DATA UNDER STUDY >>

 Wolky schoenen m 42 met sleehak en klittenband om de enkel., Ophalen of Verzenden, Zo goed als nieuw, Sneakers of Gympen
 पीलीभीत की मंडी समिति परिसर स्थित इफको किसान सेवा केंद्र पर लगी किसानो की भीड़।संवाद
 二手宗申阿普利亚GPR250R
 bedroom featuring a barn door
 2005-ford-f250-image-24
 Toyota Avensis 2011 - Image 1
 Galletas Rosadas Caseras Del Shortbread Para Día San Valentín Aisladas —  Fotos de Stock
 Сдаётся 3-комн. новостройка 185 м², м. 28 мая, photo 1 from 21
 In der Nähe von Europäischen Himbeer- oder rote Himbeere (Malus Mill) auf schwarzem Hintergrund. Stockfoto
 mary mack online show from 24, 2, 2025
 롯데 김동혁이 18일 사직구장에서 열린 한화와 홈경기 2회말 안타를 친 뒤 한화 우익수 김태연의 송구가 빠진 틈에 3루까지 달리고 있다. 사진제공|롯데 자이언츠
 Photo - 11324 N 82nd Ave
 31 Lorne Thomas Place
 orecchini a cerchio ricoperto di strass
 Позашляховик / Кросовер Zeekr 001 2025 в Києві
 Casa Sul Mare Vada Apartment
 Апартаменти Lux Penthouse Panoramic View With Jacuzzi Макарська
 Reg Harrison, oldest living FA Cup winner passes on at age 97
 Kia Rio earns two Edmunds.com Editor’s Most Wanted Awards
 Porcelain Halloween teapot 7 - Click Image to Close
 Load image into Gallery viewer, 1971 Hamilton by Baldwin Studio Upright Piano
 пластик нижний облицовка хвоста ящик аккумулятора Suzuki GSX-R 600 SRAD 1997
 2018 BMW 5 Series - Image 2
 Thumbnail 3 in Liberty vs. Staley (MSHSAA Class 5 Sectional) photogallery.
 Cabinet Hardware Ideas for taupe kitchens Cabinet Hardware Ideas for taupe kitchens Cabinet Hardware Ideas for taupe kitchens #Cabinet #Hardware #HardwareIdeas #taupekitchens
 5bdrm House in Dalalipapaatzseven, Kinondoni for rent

TASK STATEMENT >>
Write down again the exact lines running from the beginning of the data to the line containing "Thumbnail 3 in", with both ends included.

YOUR SOLUTION >>
 Wolky schoenen m 42 met sleehak en klittenband om de enkel., Ophalen of Verzenden, Zo goed als nieuw, Sneakers of Gympen
 पीलीभीत की मंडी समिति परिसर स्थित इफको किसान सेवा केंद्र पर लगी किसानो की भीड़।संवाद
 二手宗申阿普利亚GPR250R
 bedroom featuring a barn door
 2005-ford-f250-image-24
 Toyota Avensis 2011 - Image 1
 Galletas Rosadas Caseras Del Shortbread Para Día San Valentín Aisladas —  Fotos de Stock
 Сдаётся 3-комн. новостройка 185 м², м. 28 мая, photo 1 from 21
 In der Nähe von Europäischen Himbeer- oder rote Himbeere (Malus Mill) auf schwarzem Hintergrund. Stockfoto
 mary mack online show from 24, 2, 2025
 롯데 김동혁이 18일 사직구장에서 열린 한화와 홈경기 2회말 안타를 친 뒤 한화 우익수 김태연의 송구가 빠진 틈에 3루까지 달리고 있다. 사진제공|롯데 자이언츠
 Photo - 11324 N 82nd Ave
 31 Lorne Thomas Place
 orecchini a cerchio ricoperto di strass
 Позашляховик / Кросовер Zeekr 001 2025 в Києві
 Casa Sul Mare Vada Apartment
 Апартаменти Lux Penthouse Panoramic View With Jacuzzi Макарська
 Reg Harrison, oldest living FA Cup winner passes on at age 97
 Kia Rio earns two Edmunds.com Editor’s Most Wanted Awards
 Porcelain Halloween teapot 7 - Click Image to Close
 Load image into Gallery viewer, 1971 Hamilton by Baldwin Studio Upright Piano
 пластик нижний облицовка хвоста ящик аккумулятора Suzuki GSX-R 600 SRAD 1997
 2018 BMW 5 Series - Image 2
 Thumbnail 3 in Liberty vs. Staley (MSHSAA Class 5 Sectional) photogallery.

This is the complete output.